- Cherokee Sewer Site
- U.S. National Register of Historic Places
- Nearest city: Cherokee, Iowa
- NRHP reference No.: 74000777
- Added to NRHP: December 24, 1974

= Cherokee Sewer Site =

Archaic Period Indian archaeological site in Iowa

The Cherokee Sewer Site is a multi-component Prehistoric Indian Archaic bison processing site excavated in 1973 and 1976 near the sewage treatment plant of Cherokee, Iowa, United States. (Note: It is not associated with the Cherokee tribe of the Southeast or Oklahoma.)

Analysis of evidence from the site shows a transition in bison hunting strategy on the East Plains during the Archaic period in the Americas. Data from the Cherokee sewer excavations produced some of the earliest models for climate change in the Midwest.

A revisiting in the 1990s of "bison dentition and fetal elements" from the site indicates that the indigenous people of the Paleoindian and Early Archaic horizons conducted a late-fall to early-winter season of bison kill, rather than a mid- to late-winter season of kill, as suggested in the 1980 report.
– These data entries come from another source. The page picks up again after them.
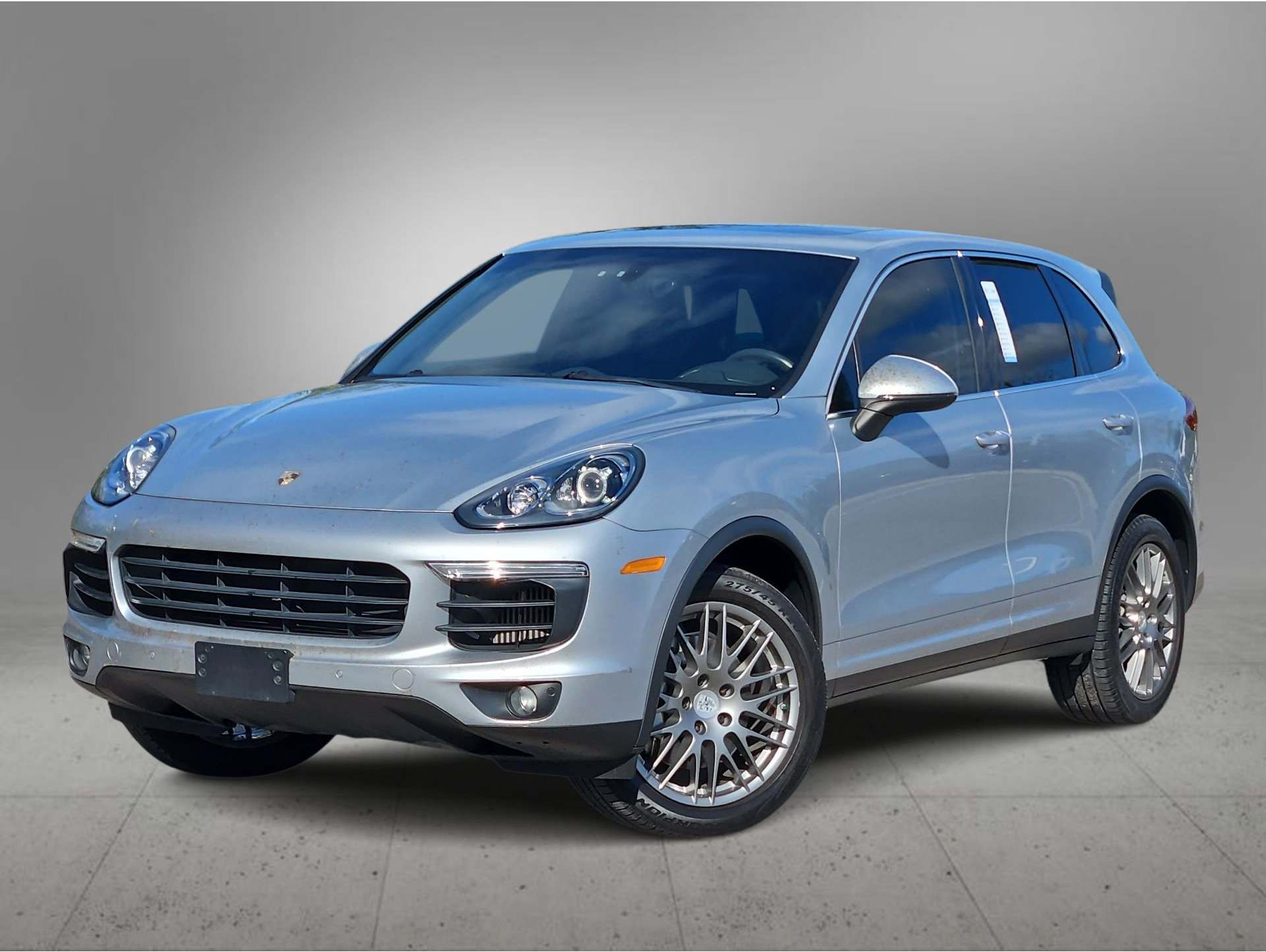2016 Porsche Cayenne S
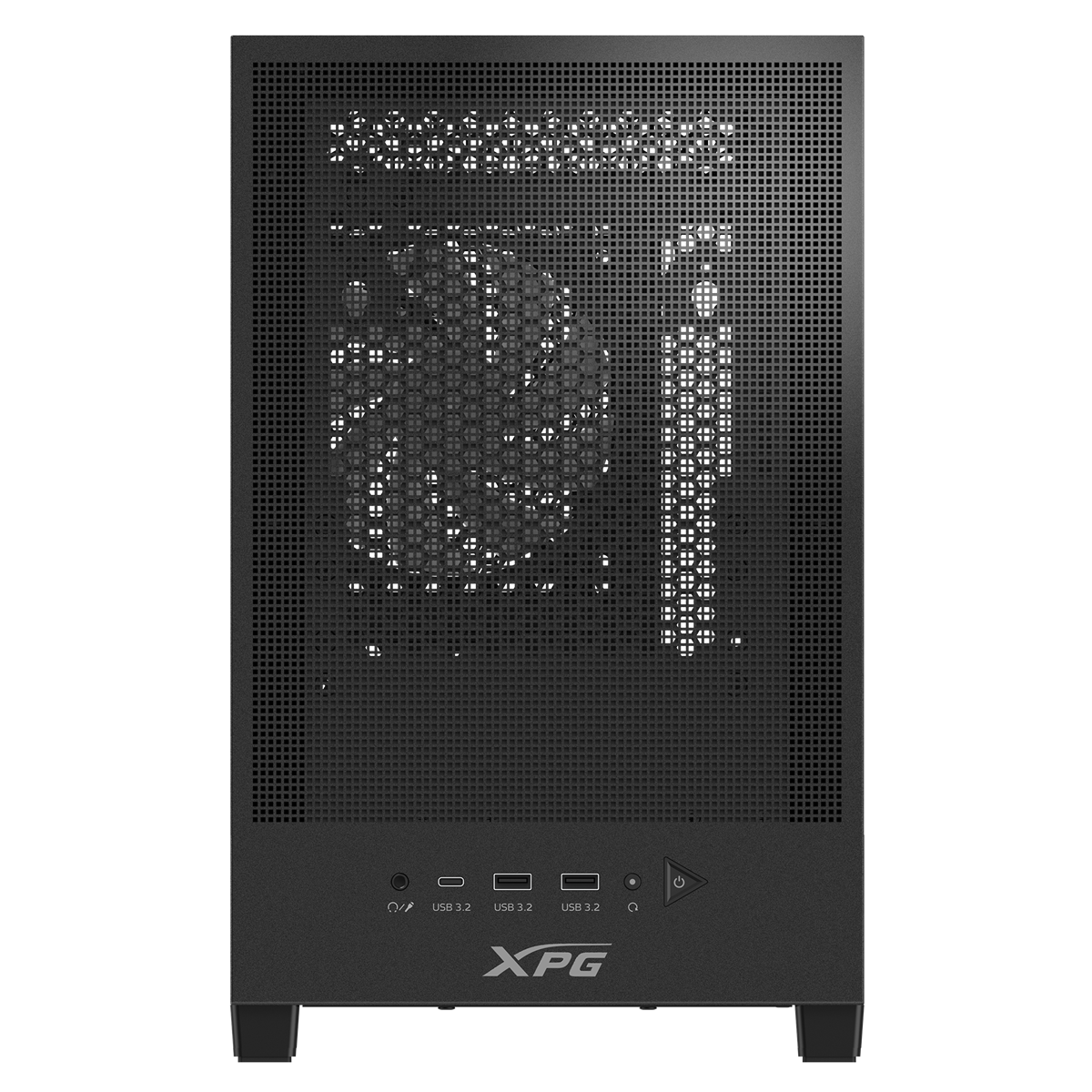 XPG Valor Mesh Nano Mid-Tower Case - Black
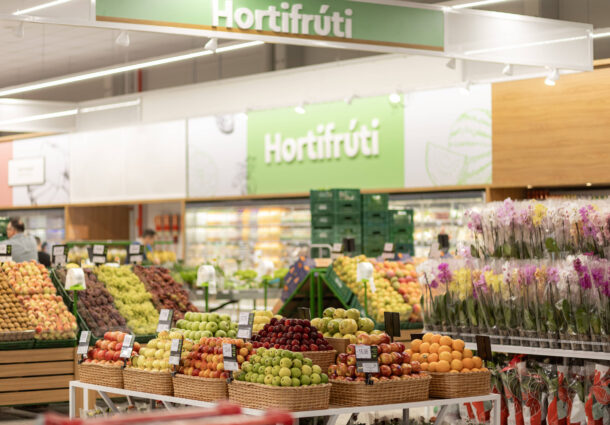 Frutas ganham protagonismo nas ceias e reforçam liderança do Rissul em qualidade no hortifrúti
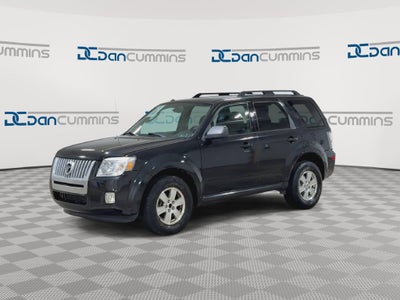 2011 Mercury Mariner Base
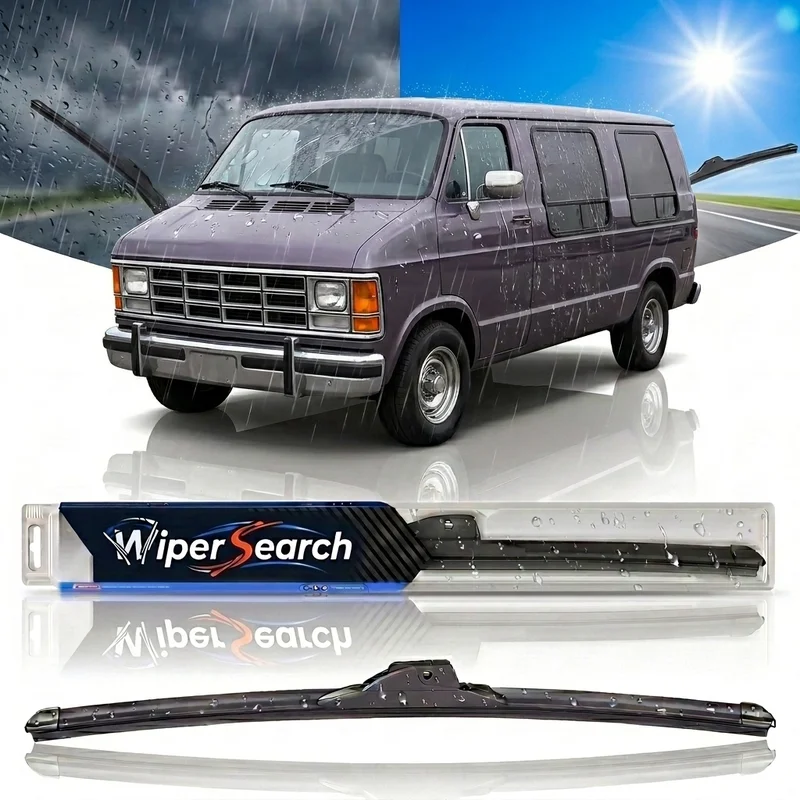 Wiper Blade for Dodge B250 (1981 - 1994) - 1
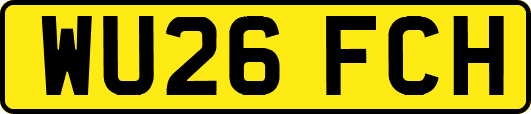 WU26FCH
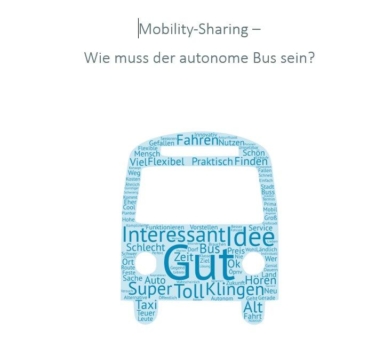 Mobility-Sharing: Autonome Busse – Zwischen Vorbehalten und Benefits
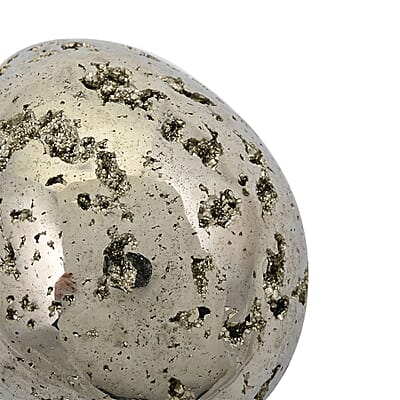 Pyrite Egg Approx. 1257ctw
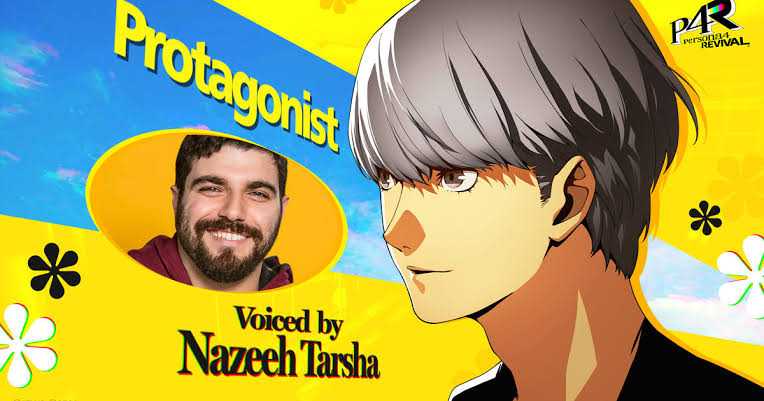 Persona 4 Revival Game Announces New English Voice Cast
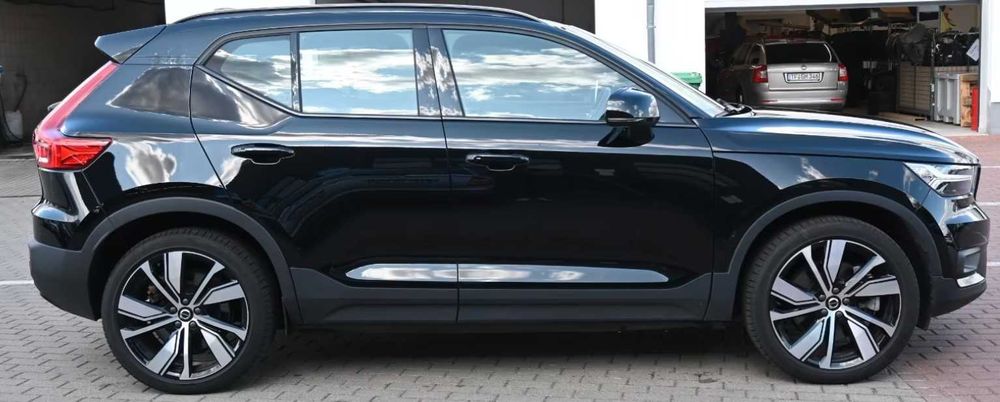 Бампер Volvo XC40 Разборка Шрот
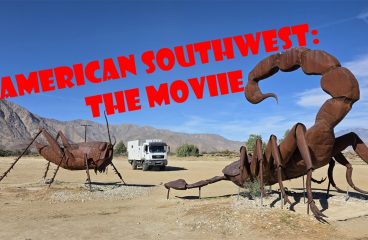 American Southwest: The Movie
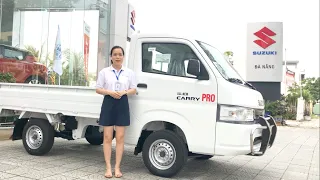 [ 0935.556.055 ] SUZUKI CARRY PRO 940KG - VUA XE TẢI NHẸ NHẬT BẢN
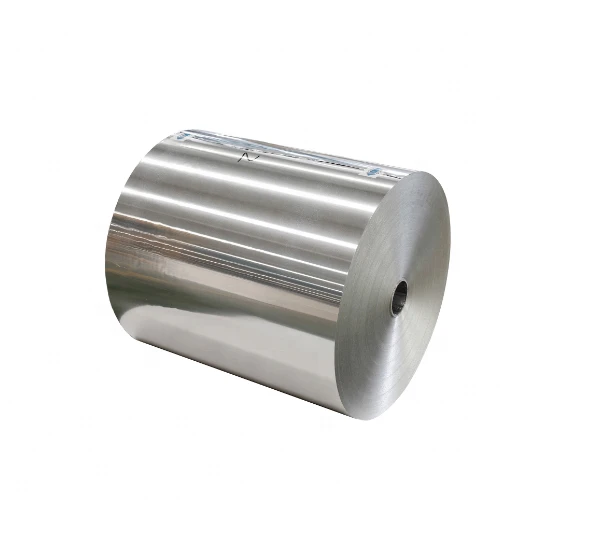 Good quality Aluminum foil jumbo roll for food packaging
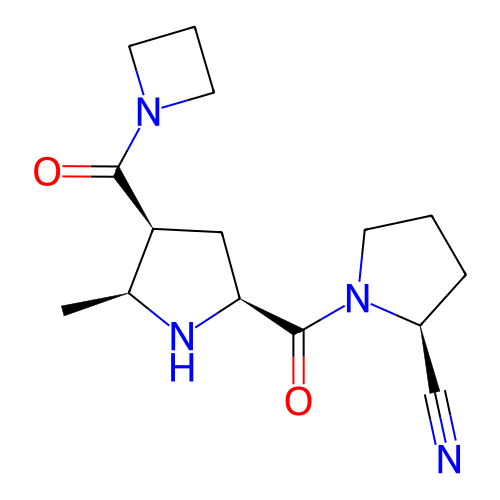 Chemical structure of BindingDB Monomer ID 50205207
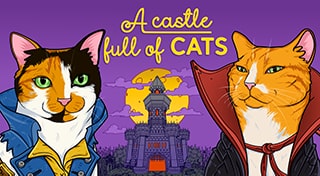 A Castle Full of Cats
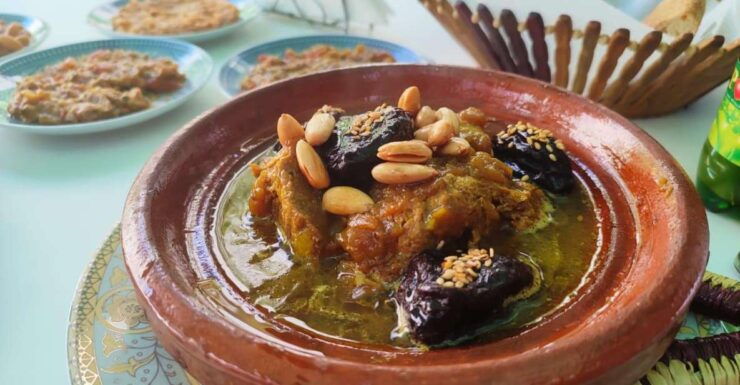 FES FOOD TOUR - Tour Booking and Logistics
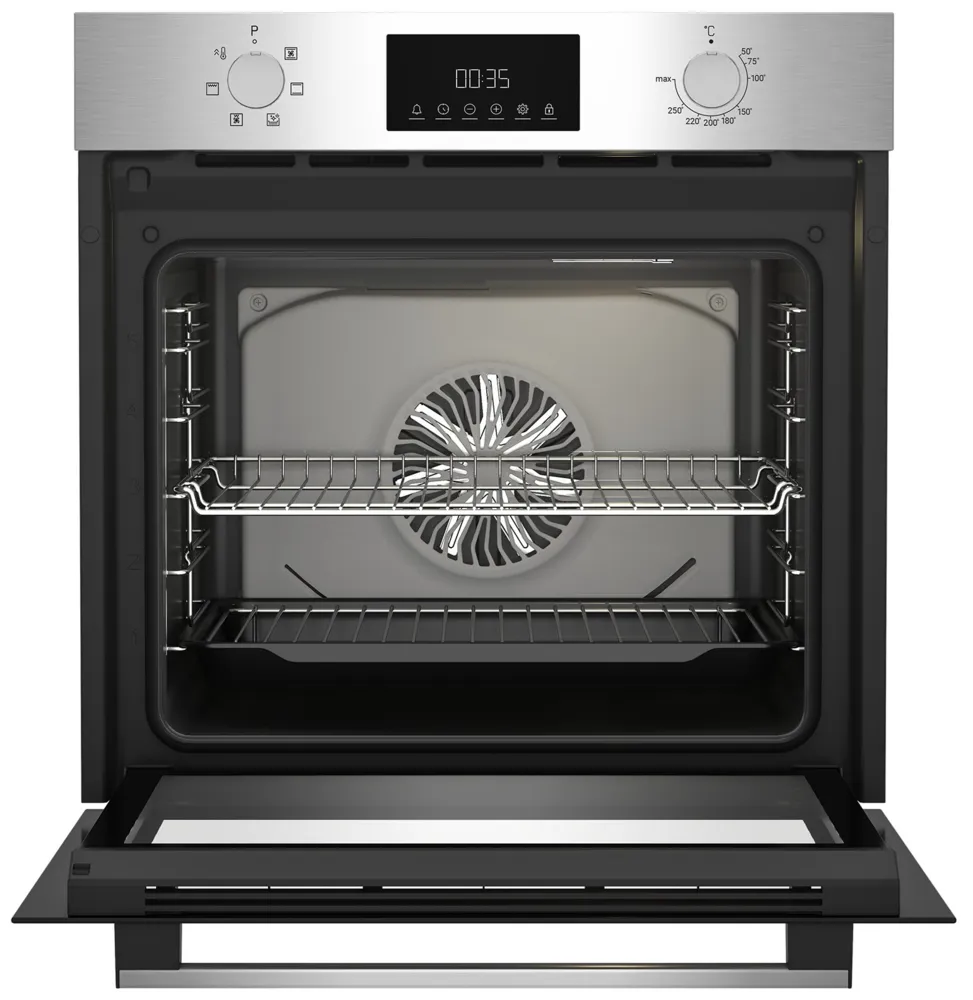 Детальное фото товара: Indesit IBFTE 2434 IX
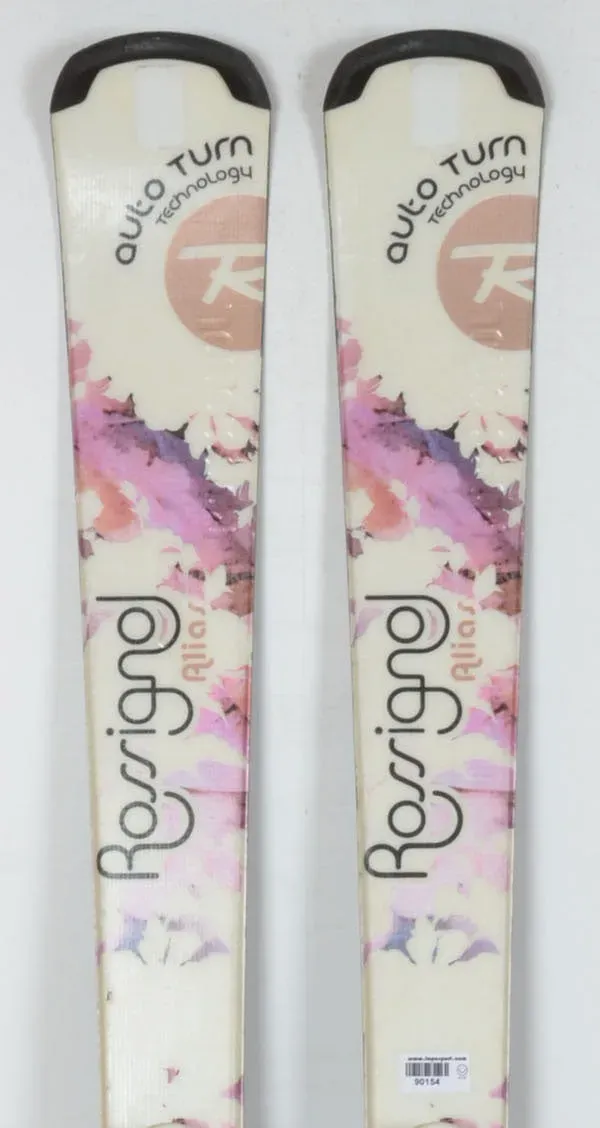 Rossignol Alias W skis de piste femme occasion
The evidence showed that there was a shift in the age of bison killed "from younger animals to older ones" during what is now known as the "mid-Holocene, roughly 6,000 years BP. Together these results suggest that "bison hunters on the eastern Plains used different adaptive strategies to cope with climate change than those seen on the western Plains."

The site is listed as an archeological site on the National Register of Historic Places.